Data:
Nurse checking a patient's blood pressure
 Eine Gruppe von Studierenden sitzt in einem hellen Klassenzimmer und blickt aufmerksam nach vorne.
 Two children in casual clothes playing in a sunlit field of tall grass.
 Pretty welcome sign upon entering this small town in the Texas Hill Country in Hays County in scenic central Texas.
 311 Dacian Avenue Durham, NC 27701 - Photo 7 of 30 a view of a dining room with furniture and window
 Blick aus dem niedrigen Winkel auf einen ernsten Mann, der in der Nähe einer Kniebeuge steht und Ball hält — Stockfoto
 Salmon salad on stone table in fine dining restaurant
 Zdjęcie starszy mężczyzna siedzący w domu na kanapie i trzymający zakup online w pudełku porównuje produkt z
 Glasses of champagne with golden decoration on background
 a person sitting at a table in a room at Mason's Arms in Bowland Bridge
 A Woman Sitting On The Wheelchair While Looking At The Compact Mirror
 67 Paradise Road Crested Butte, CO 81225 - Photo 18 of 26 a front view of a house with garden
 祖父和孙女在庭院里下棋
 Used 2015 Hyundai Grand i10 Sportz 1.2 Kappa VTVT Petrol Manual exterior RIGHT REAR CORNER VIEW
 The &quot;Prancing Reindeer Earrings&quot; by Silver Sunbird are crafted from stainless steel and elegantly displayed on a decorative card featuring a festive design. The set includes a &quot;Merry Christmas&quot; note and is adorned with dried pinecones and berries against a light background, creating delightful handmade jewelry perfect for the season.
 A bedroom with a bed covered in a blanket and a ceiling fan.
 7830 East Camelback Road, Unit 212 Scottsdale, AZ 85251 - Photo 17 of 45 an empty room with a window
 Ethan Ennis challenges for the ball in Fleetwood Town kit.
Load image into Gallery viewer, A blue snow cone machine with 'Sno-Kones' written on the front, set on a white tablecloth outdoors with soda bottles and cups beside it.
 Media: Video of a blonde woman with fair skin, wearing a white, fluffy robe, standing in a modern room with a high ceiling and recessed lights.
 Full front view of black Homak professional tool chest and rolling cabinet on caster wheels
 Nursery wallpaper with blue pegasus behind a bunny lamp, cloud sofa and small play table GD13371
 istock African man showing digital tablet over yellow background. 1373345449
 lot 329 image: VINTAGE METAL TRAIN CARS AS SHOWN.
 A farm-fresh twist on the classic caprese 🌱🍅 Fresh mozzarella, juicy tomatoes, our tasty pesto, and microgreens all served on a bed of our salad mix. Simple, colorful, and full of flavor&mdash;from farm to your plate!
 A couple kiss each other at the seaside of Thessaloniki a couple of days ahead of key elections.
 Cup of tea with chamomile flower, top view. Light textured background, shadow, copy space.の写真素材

Goal of the exercise:
Please give an exact copy of the entries above, from the line with "a person sitting" down to the line with "Full front view", inclusive, and nothing else.

Written solution:
 a person sitting at a table in a room at Mason's Arms in Bowland Bridge
 A Woman Sitting On The Wheelchair While Looking At The Compact Mirror
 67 Paradise Road Crested Butte, CO 81225 - Photo 18 of 26 a front view of a house with garden
 祖父和孙女在庭院里下棋
 Used 2015 Hyundai Grand i10 Sportz 1.2 Kappa VTVT Petrol Manual exterior RIGHT REAR CORNER VIEW
 The &quot;Prancing Reindeer Earrings&quot; by Silver Sunbird are crafted from stainless steel and elegantly displayed on a decorative card featuring a festive design. The set includes a &quot;Merry Christmas&quot; note and is adorned with dried pinecones and berries against a light background, creating delightful handmade jewelry perfect for the season.
 A bedroom with a bed covered in a blanket and a ceiling fan.
 7830 East Camelback Road, Unit 212 Scottsdale, AZ 85251 - Photo 17 of 45 an empty room with a window
 Ethan Ennis challenges for the ball in Fleetwood Town kit.
Load image into Gallery viewer, A blue snow cone machine with 'Sno-Kones' written on the front, set on a white tablecloth outdoors with soda bottles and cups beside it.
 Media: Video of a blonde woman with fair skin, wearing a white, fluffy robe, standing in a modern room with a high ceiling and recessed lights.
 Full front view of black Homak professional tool chest and rolling cabinet on caster wheels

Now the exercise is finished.